Let $s=\sigma+it$ the complex variable, after I read the statement of an equivalence to an unsolved problem involving the Riemann Zeta function, and since I would like to know more facts from comparisons between $\zeta(s)$ and simple functions I thought this
Question. Evaluate $$\int_{\frac{1}{2}-i\infty}^{\frac{1}{2}+i\infty}\frac{\log (\left| \cos(s)\right|)}{ \left| s \right|^2}dt.$$
That is, in our integrand $\log (\left| \cos(s)\right|$ is the natural logarithm of the modulus of the complex cosine $\cos(s)=\cos(\sigma+it)$, and in the denominator $\left| s \right|^2=\left| \sigma+it \right|^2$, from the notation of our complex variable.

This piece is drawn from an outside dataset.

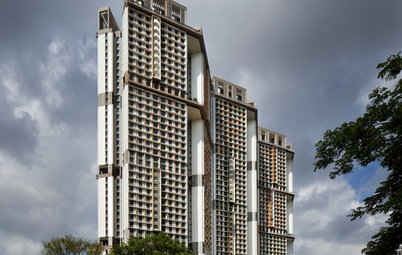 Universal Design For HDB Living: SkyVille @ Dawson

I don't know how start to study this. Is well-possed (does converge)? I know easy facts like to calculate the modulus of our cosine. Can you get an approximation or get the exact value of this integral? Many thanks.
Look at the integral
$$\int_{1/2-i T}^{1/2+i T} dt \frac{\log{(|\cos{(1/2+i t)}|)}}{1/4+t^2} $$
$$\cos{(1/2+i t)} = \cos{(1/2)} \cosh{t} - i \sin{(1/2)} \sinh{t}$$ $$|\cos{(1/2+i t)}|^2 = \cos^2{(1/2)} \cosh^2{t} + \sin^2{(1/2)} \sinh^2{t} $$
$$\log{(|\cos{(1/2+i t)}|)} = \frac12 \log{(\cos^2{(1/2)} \cosh^2{t} + \sin^2{(1/2)} \sinh^2{t} )} $$
As $T \to \infty$, each of the cosh and sinh terms look like $\frac14 e^{2 t}$, so the log becomes a linear term in $t$. Thus, the integral diverges logarithmically.